Anti-invasive, antitumorigenic, and antimetastatic activities of the PHSCN sequence in prostate carcinoma

Using naturally serum-free SU-ECM basement membranes as invasion substrates showed that plasma fibronectin was necessary to stimulate invasion by DU 145 human and metastatic MATLyLu (MLL) rat prostate carcinoma cells. This activity mapped to the PHSRN sequence, which induced invasion through α5β1 integrin. PHSCN, a competitive inhibitor, blocked both PHSRN- and serum-induced invasion. Acetylated, amidated PHSCN (Ac-PHSCN-NH₂) was 30- fold more potent; however, AcHSPNC-NH₂ was inactive. Rats receiving injections s.c. with 100,000 MLL cells were treated systemically by i.v. injection three times weekly with 1 mg of either Ac-PHSCN-NH₂ or Ac-HSPNC- NH₂ beginning 24 h later, three times weekly with 1 mg of Ac-PHSCN-NH₂ beginning only after surgery to remove large (2 cm) MLL tumors, or were left untreated.
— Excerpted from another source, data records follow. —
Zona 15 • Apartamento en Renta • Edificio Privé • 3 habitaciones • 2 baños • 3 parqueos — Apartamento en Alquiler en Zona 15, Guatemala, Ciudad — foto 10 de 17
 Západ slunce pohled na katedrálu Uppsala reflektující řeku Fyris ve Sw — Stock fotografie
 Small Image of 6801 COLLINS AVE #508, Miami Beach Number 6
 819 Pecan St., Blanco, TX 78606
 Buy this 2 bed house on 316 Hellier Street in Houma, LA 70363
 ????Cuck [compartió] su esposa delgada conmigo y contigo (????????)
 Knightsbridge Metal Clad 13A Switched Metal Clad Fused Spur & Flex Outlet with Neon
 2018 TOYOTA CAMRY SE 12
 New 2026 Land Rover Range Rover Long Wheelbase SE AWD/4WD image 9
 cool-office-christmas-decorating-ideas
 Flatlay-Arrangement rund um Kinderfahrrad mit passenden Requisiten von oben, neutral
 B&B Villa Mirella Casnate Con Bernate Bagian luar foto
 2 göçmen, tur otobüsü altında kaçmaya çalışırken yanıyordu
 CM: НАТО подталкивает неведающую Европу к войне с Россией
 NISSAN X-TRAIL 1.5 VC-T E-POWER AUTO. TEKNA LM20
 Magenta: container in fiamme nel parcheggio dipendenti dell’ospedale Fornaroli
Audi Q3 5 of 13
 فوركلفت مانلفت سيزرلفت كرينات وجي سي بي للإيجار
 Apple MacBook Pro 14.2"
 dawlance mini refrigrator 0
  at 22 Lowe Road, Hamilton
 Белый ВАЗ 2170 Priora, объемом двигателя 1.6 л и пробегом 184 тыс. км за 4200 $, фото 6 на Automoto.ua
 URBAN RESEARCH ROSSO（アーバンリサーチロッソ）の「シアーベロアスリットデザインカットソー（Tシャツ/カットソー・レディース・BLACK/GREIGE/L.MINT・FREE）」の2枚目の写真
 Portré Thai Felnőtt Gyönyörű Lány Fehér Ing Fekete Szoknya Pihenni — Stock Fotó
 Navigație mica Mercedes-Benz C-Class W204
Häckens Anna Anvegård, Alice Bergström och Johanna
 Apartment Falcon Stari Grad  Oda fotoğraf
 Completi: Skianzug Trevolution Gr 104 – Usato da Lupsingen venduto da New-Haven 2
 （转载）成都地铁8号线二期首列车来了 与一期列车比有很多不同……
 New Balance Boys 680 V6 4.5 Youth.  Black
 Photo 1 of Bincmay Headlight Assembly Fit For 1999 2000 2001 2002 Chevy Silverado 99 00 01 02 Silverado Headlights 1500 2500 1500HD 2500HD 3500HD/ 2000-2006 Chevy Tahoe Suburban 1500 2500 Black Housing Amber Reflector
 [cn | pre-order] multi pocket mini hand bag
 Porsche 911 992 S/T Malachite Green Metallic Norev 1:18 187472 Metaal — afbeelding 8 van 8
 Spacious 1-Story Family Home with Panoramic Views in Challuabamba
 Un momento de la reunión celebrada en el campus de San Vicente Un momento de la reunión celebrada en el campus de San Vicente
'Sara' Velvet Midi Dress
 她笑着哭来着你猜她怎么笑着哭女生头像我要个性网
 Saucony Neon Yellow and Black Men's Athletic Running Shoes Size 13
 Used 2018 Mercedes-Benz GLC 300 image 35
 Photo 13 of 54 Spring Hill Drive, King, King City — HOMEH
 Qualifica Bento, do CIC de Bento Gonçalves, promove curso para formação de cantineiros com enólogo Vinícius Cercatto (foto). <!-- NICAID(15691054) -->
MLL tumors grew rapidly in Ac-HSPNC-NH₂-treated and in untreated rats. MLL tumor growth in rats treated with Ac-PHSCN-NH₂ beginning 1 day after MLL cell injection was reduced by 99.9% during the first 16 days of treatment, although subsequent tumor growth occurred. MLL tumor cryosections immunostained with anti-PECAM-1 showed that AcPHSCN-NH₂ inhibited neovascularization by 12-fold during this time. Whether initiated after MLL cell injection or only after MLL tumor removal, Ac-PHSCN-NH₂ treatment reduced the numbers of MLL lung colonies and micrometastases by 40- to >100- fold, whereas Ac-HSPNC-NH₂ was inactive. Thus, Ac-PHSCN-NH₂ may be a potent antitumorigenic and antimetastatic agent for postsurgical use prior to extensive metastasis.